Mrs. Wallace works with young women from age 14-28 who struggle with a wide range of problems. She taught a workshop called "Counseling Those Struggling with Their Sexual Identity." I chose this topic for today's post because those of us who belong to the generation doing the parenting and counseling of young people are largely ignorant that those very young people are immersed in a sexually explicit and sexually confused culture.
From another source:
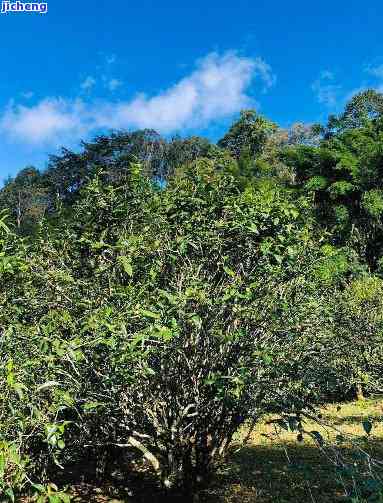 云南原生态普洱茶：古树韵味，山野气息，茶香四溢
The challenge is to both teach a biblical view of sexuality as well as model it. If we do not respond we are pushing the problem off on the next generation of Christian parents and teachers. We tend to fear a number of things:
- Falling into the immorality we are fighting in the culture
- Becoming exposed because we have become absorbed in our own forms of immorality
- Having to provide an example in our own homes of how a marriage ought to run
- Having to overcome our laziness and inattentiveness in failing to teach our children how to biblically define family, sexuality and marriage
Jocelyn pointed out that we should resist calling people "gay" or "lesbian" because that is a subtle indication that we accept those terms as the identity of those people. In truth, these are people who have been caught up in sexual sin, but their identity is not wrapped up in their behavior. For example, you do not become "country" or "goth" just by dressing that way. The confusion over gender roles may be reflected in the unisex dress of our world, but the real issue is the attitude of the heart. Many (most) young people have grown up thinking we get to decide what we are and do not know what it means to be masculine or feminine.
Rather than cave in to the culture, the Church needs to communicate that the greatest pleasure in this world is to to find our identity in the way God made us and to delight in the boundaries He has established for our good and His glory.